Why is it so hard to simply be? We have believed for so long that doing the "right" things, living out new experiences, and orchestrating our lives just so will bring us lasting happiness. But how can something made of impermanent parts be lasting?

We are praised from an early age when we do something good. So we believe that doing good makes us good. And so in turn learn that doing something wrong or bad makes us bad. It makes sense, then, that to simply be is not easy.

We've been trained our entire lives that our worth is based on what we do, whether that came from parents, teachers, peers, and so on. So, when we finally do try to stop and just be, it feels uncomfortable, like an ill-fitting pair of shoes. This uncomfortable feeling is our heart aching to feel better, less lonely, more okay. It yearns for this.

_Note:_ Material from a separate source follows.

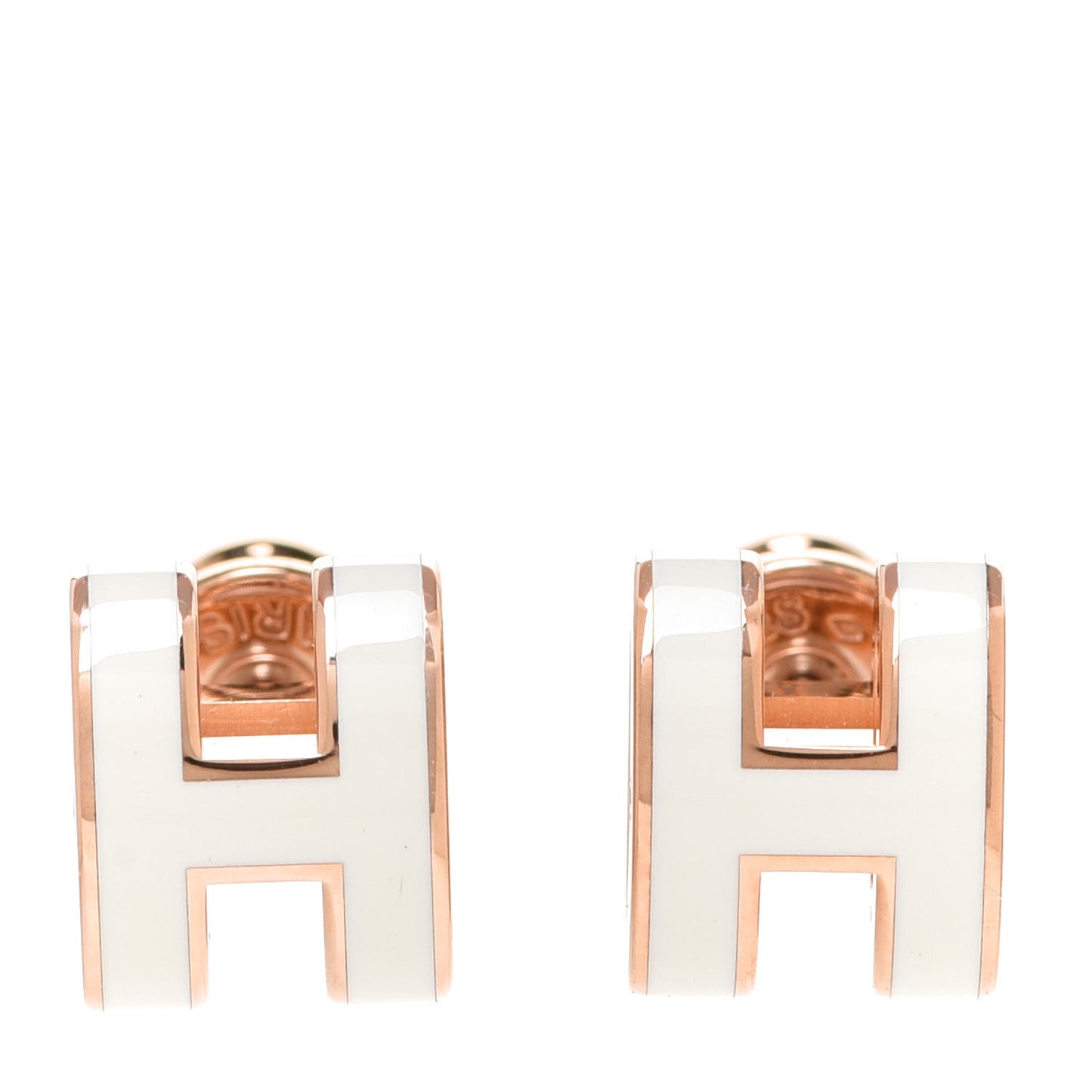 Rose Gold Lacquered Mini Pop H Earrings White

Deep down we know that constant doing and chasing is not a sustainable path toward well-being, that owning the "being" in Human Being has a much more worthwhile profundity that is worth exploring. This exploration I'm advocating for has a great deal to do with connecting to our own innate goodness.

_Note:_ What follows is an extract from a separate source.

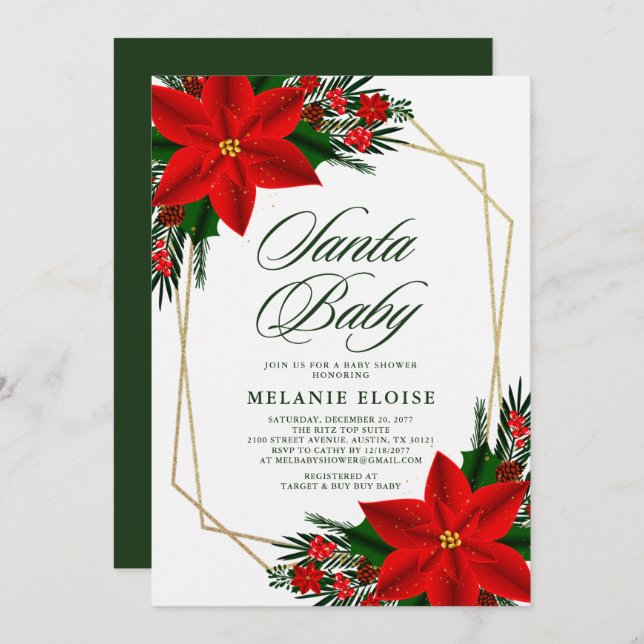 Santa Baby Dusche Poinsettia Grün Weihnachten Einladung (Vorne/Hinten)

Innate goodness (or wholeness) is not performance-based. It doesn't care if we aced the test or got the big promotion. It is ever-present. When we understand this, then we are aren't so hard on ourselves, we are more authentic in our relationships, and we can see others as innately whole as well.

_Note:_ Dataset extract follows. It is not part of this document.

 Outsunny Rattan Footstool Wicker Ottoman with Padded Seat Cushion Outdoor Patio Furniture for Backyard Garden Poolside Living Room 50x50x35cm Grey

Unfortunately, it seems that a crucial impediment to innate goodness is compulsive doing, in addition to negative self-talk and judgements. All different ways we evade our selves. The good news is there are ways to erode and extinguish these deep-rooted habits. Mindful awareness and compassion are just two of the ways I feel are incredibly effective in doing this.

For many, however, stopping and being mindful feels uncomfortable. But this is actually a good thing. That discomfort - as far as I understand it - is the barrier between us and our truest happiness. So, you see, that barrier is also our doorway, our path.

It is our ability to warm-heartedly be with that uncomfortable barrier that brings us closer to fundamental peace. This is self-compassion.

Another way to think of this discomfort from stopping doing, is knowing it to be our heart's yearning. Our hearts yearn for a lost love, a lost peace, a fundamental okayness from which it was separated long ago. Some say this separation occurred when we were infants, when our minds first began to cognize subject and object, self and other. Prior to this - I'm told - we lived in unity with the world and the aforementioned fundamental peace and love was infused in that unity (and I trust it still is).

Since we have been removed from that original source of unity and love, without even knowing it, we spend the rest of our lives trying to get back to it. So we look for it in others, romantic partners, approval from family, drugs, food, and so on. And since none of these ever satisfy in an unconditional way, we may live from a place of "I'm not enough," "I'm not lovable," or the deep-rooted question, "Am I good enough?"

As someone who really enjoys getting approval from others, it's helpful for me to remember this:

Self-love and happiness are not dependent on "a job well done."

Doesn't chasing feelings create more anxiety, anyway?